The first thing we need to do is define what features are likely to be useful when predicting car prices. Through data exploration these were found to be:
year - the year of registration
plate - which half of the year it was registered
mileage - number of miles covered by car
enginesize - engine capacity in litres
bhp - the power output of the engine in brake horsepower
averagempg - how fuel efficient the car is in miles per gallon
advertage_days - how long the advert had been advertised for
bodytype - whether is was a saloon, hatchback, estate, etc
fueltype - whether the car was petrol or diesel
make - the brand
model - the model within the brand
sellertype - whether it was a trade or private seller
For some algorithms, categorical features need to be one-hot encoded before they can be used to make predictions. Additionally, for some algorithms, too many features (columns) can make for poor predictions, and a dimensionality reduction technique such as principle components analysis or t-Distributed Stochastic Neighbour Embedding should be used to reduce the number of features.
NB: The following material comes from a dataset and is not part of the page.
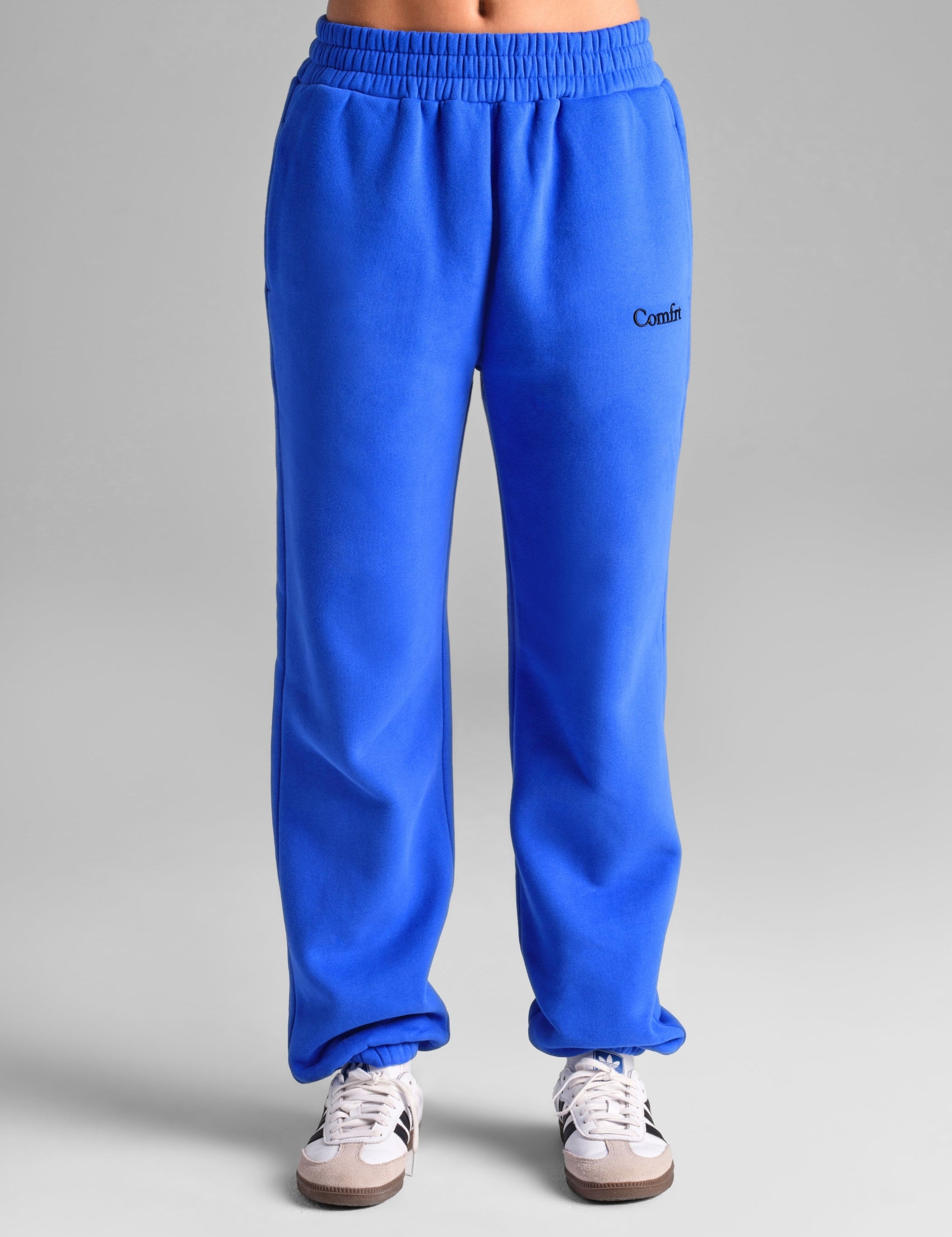 Cloud Sweatpants - Pre-Order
There were three algorithms considered - Gradient Boosted Regression, Random Forest Regression and k-Nearest Neighbours Regression. Using Grid Search with 3-fold cross validation for each of these, they were compared and it was found that Gradient Boosted Regression minimised the median average deviation the most.
With the optimum parameters found, the predicted vs actual price looked as follows:
It's worth remembering that the goal here is to predict car prices, but those prices are being set by car salespeople, and are inherently flawed (i.e. they don't represent the global solution). With enough data, the salespersons prices should average out to get a good picture of the price differences.
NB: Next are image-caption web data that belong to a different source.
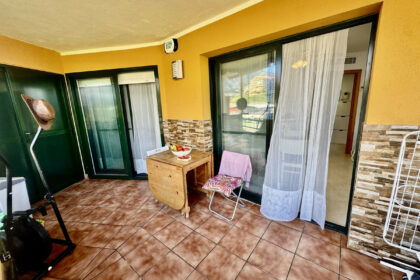 1b7efbb84262a9565a38c17a0727de45 - 2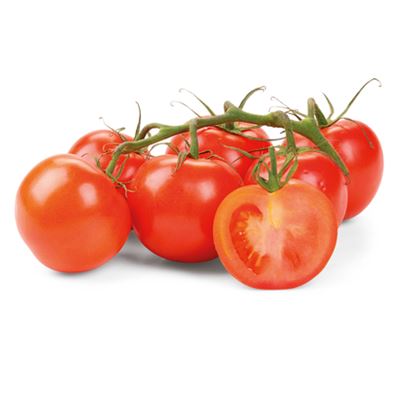 Rajčata Cherry červené keříková 3 kg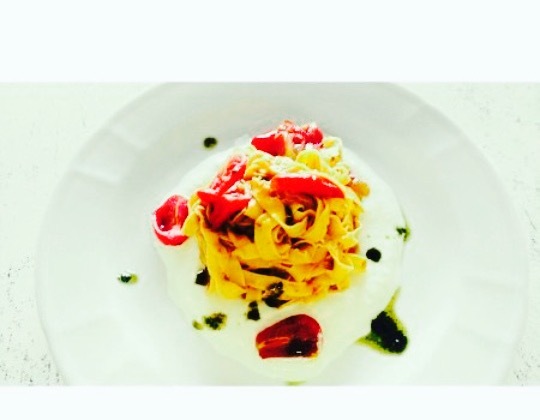 Fravento Cibo e Vino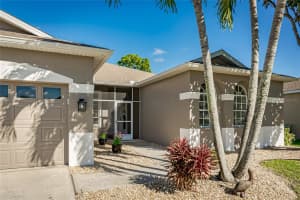 5115 50th Ave W, Bradenton, FL 34210, Sold 03/07/22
Once everything is working, you should be able to see the following visualisation:
The visualisation is split into 7 sections:
Use the 'Search Name' drop down to choose one of your saved searches to view the results for.
Use the 'x-axis' and 'y-axis' drop downs to choose which variables to display on the scattergram.
This is a donut chart showing the distribution of different car manufacturers in the data. THis will automatically update when the scattergram sliders are changed. Mouseover to get the exact number and percentage of total.
This shows the advert title and first image when the user mouseovers a point on the scattergram. The image is clickable and takes you to the advert on the Autotrader website.
This shows some key details about the car when the user mouseovers a point on the scattergram.
This shows any prices changes the advert has had when the user mouseovers a point on the scattergram.
A map showing the home location (the post code used for the search) in blue and the location of the car in red when the user mouseovers a point on the scattergram. Use the zoom buttons to zoom in and out.
There is where the bulk of the action happens. Mouseover a point to populate the Image, Key Facts, Price History and Map sections. Single-left click on a point to freeze the mouseover and allow the image to be clicked.
Use the sliders to zoom the chart axes and update the donut chart as appropriate.